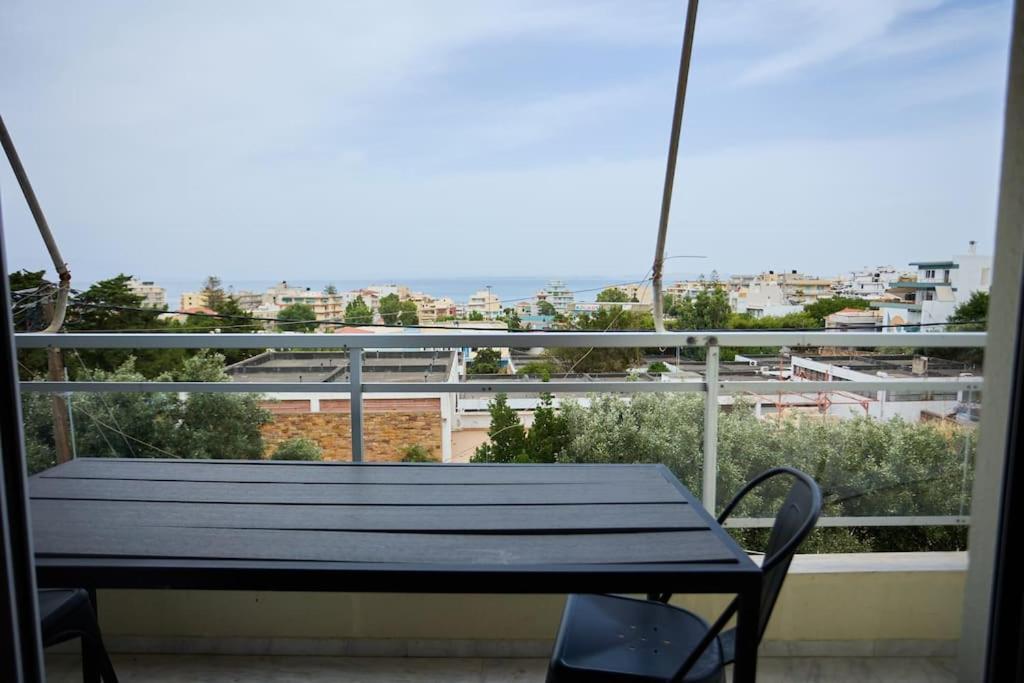 شقة Panoramic White Blue خيوس المظهر الخارجي الصورة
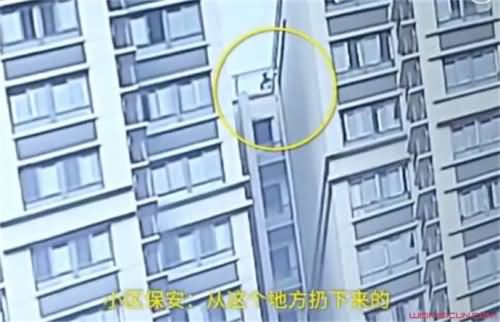 孩子楼顶扔水泥 孩子楼顶扔水泥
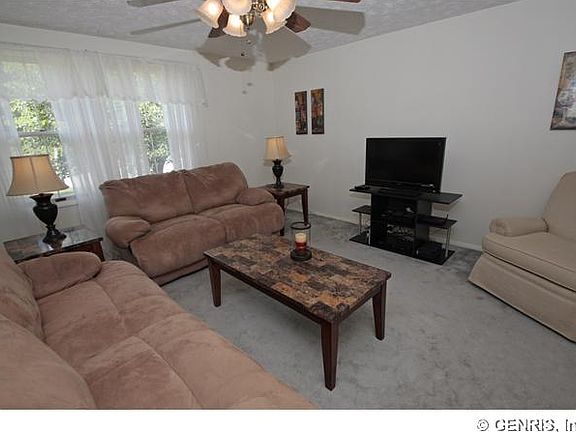 4th image of 32 Downs Meadow Ct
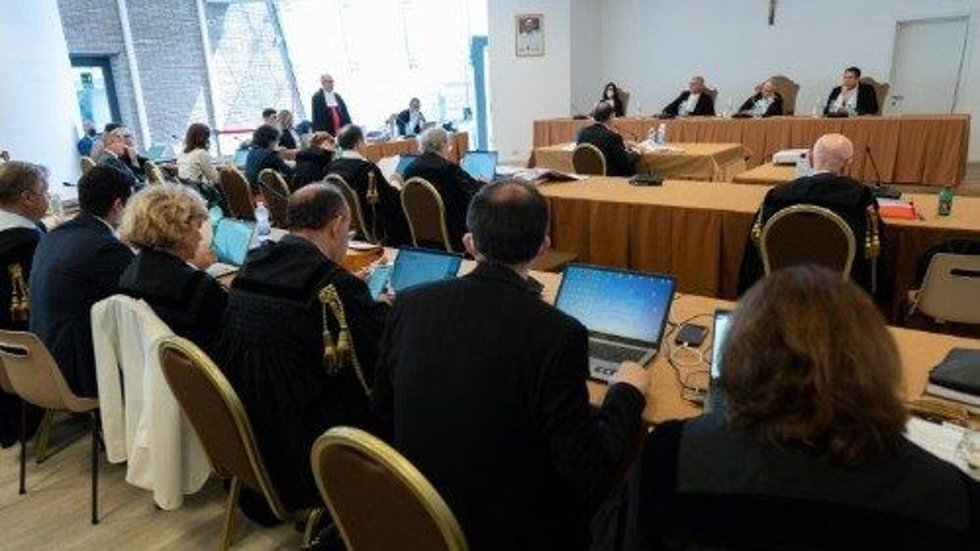 Juicio en el Vaticano.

Assignment: Print the listing exactly. No pictures belong in the copy.

Response to this task:
 شقة Panoramic White Blue خيوس المظهر الخارجي الصورة
 孩子楼顶扔水泥 孩子楼顶扔水泥
 4th image of 32 Downs Meadow Ct
 Juicio en el Vaticano.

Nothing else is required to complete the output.